The records should be written out in full, with nothing altered.
..............................
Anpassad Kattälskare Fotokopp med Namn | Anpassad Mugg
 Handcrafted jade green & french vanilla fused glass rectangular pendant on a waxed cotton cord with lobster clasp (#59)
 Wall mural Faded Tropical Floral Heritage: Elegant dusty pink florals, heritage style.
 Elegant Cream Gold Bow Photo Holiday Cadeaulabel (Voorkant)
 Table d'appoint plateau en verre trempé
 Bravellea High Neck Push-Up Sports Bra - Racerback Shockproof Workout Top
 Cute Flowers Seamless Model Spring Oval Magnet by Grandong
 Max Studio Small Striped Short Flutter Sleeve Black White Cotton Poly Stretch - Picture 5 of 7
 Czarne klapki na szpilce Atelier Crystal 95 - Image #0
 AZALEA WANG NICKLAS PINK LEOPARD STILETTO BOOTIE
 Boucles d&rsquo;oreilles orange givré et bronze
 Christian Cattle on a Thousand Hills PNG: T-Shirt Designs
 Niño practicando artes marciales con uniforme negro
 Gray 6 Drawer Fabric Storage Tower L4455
..............................
▶ _Response for this exercise_
Anpassad Kattälskare Fotokopp med Namn | Anpassad Mugg
 Handcrafted jade green & french vanilla fused glass rectangular pendant on a waxed cotton cord with lobster clasp (#59)
 Wall mural Faded Tropical Floral Heritage: Elegant dusty pink florals, heritage style.
 Elegant Cream Gold Bow Photo Holiday Cadeaulabel (Voorkant)
 Table d'appoint plateau en verre trempé
 Bravellea High Neck Push-Up Sports Bra - Racerback Shockproof Workout Top
 Cute Flowers Seamless Model Spring Oval Magnet by Grandong
 Max Studio Small Striped Short Flutter Sleeve Black White Cotton Poly Stretch - Picture 5 of 7
 Czarne klapki na szpilce Atelier Crystal 95 - Image #0
 AZALEA WANG NICKLAS PINK LEOPARD STILETTO BOOTIE
 Boucles d&rsquo;oreilles orange givré et bronze
 Christian Cattle on a Thousand Hills PNG: T-Shirt Designs
 Niño practicando artes marciales con uniforme negro
 Gray 6 Drawer Fabric Storage Tower L4455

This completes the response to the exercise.